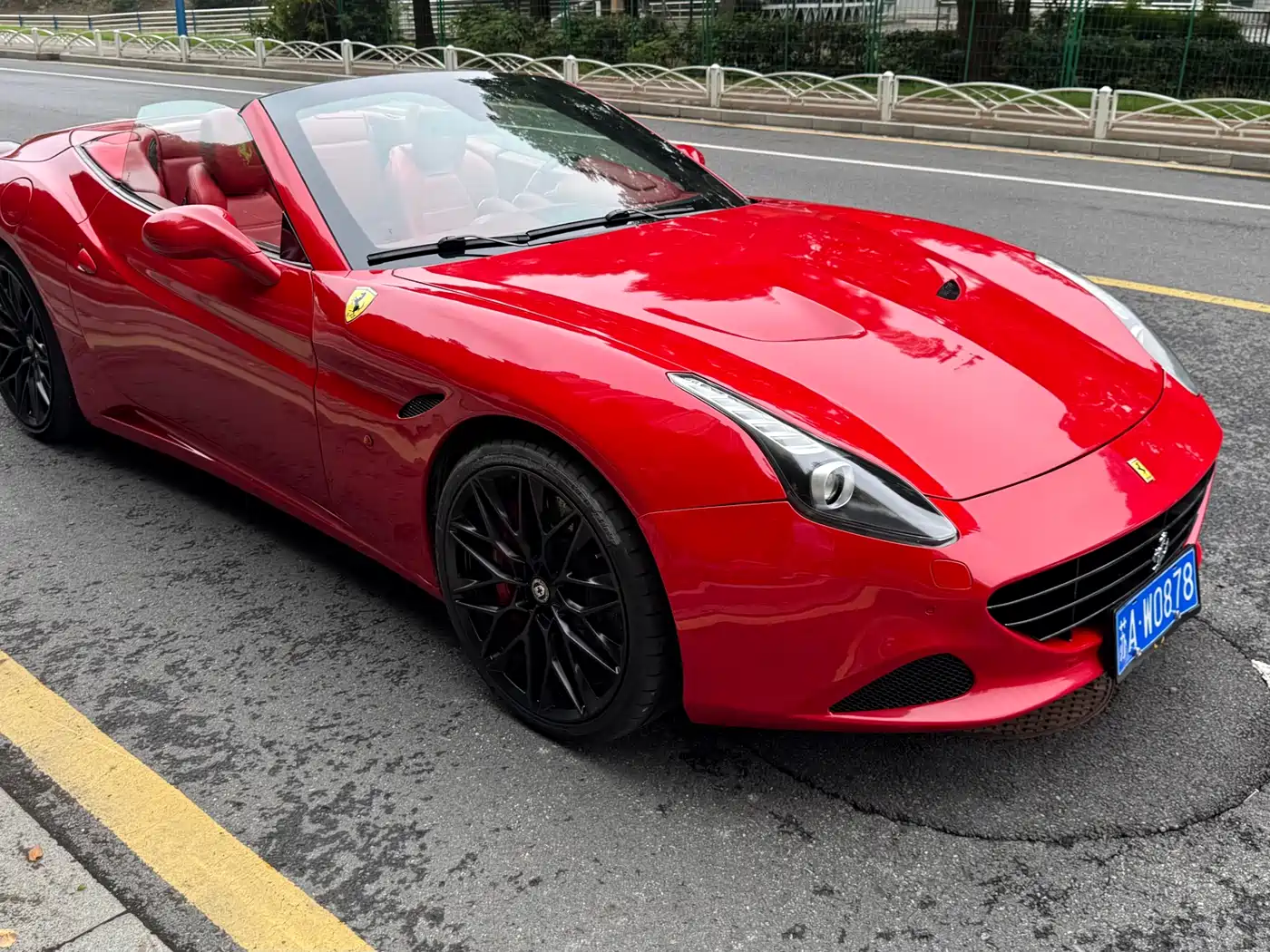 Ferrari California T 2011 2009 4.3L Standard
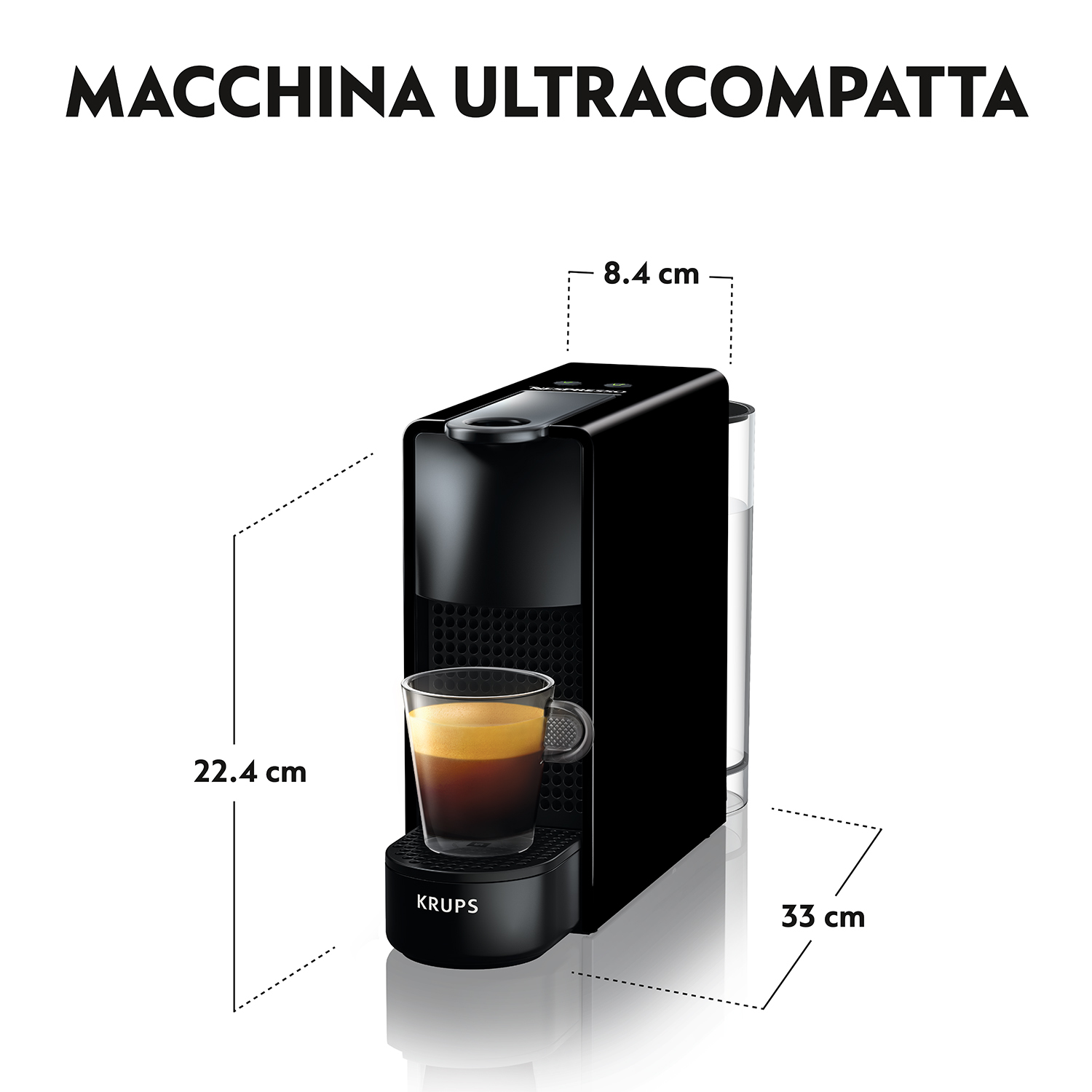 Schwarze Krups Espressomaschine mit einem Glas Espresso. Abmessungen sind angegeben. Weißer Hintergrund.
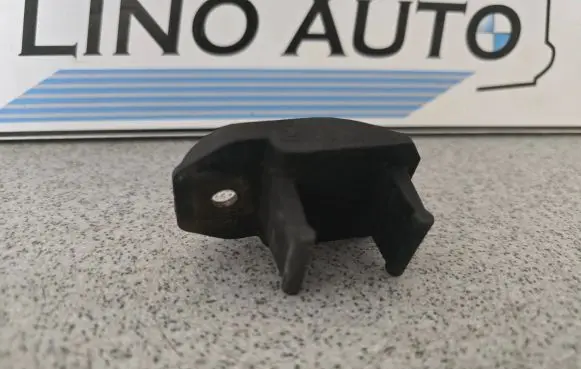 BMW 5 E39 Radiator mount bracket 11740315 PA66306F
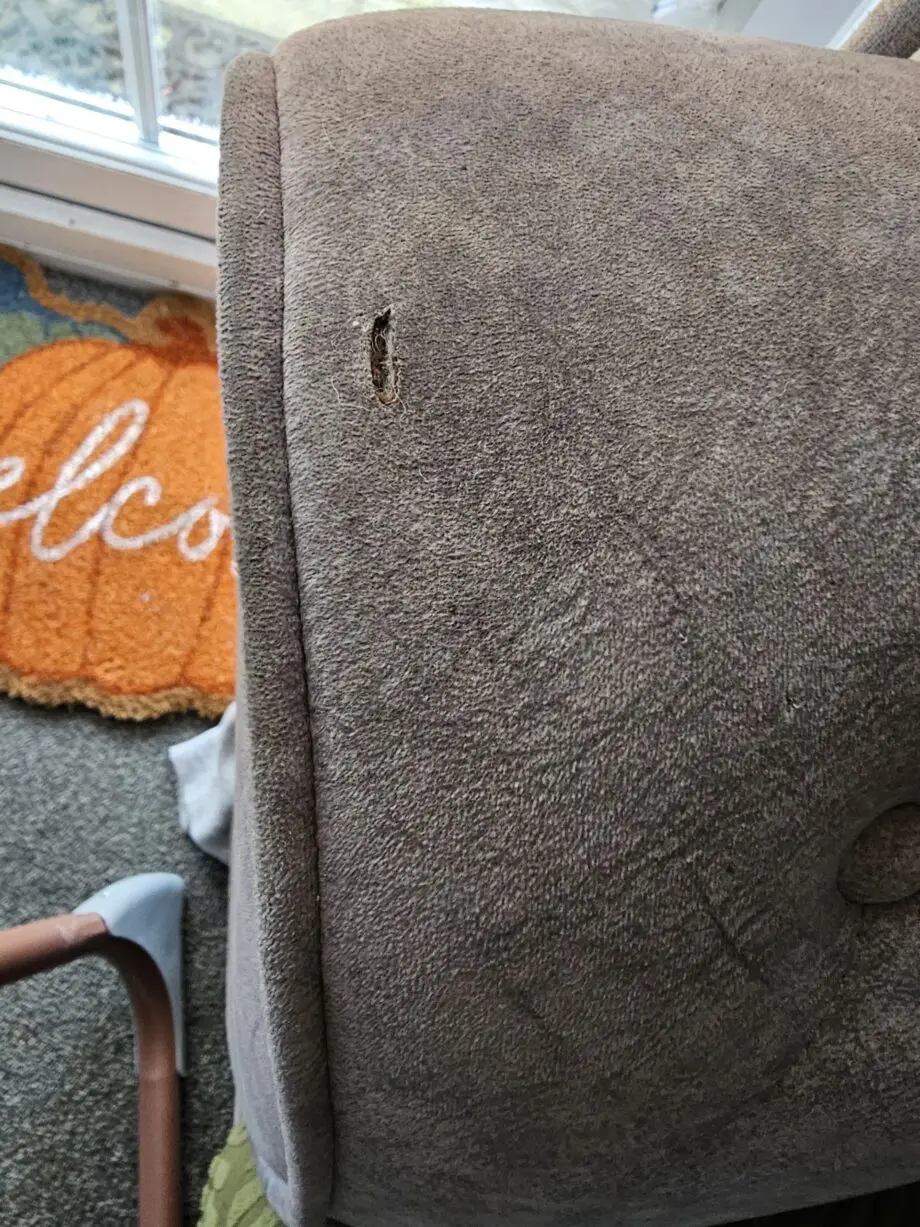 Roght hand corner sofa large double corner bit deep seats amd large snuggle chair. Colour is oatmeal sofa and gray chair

■ WORK INSTRUCTION ■
Full transcription of the material, exact in every line, without images.

■ SOLUTION BELOW ■
 Ferrari California T 2011 2009 4.3L Standard
 Schwarze Krups Espressomaschine mit einem Glas Espresso. Abmessungen sind angegeben. Weißer Hintergrund.
 BMW 5 E39 Radiator mount bracket 11740315 PA66306F
 Roght hand corner sofa large double corner bit deep seats amd large snuggle chair. Colour is oatmeal sofa and gray chair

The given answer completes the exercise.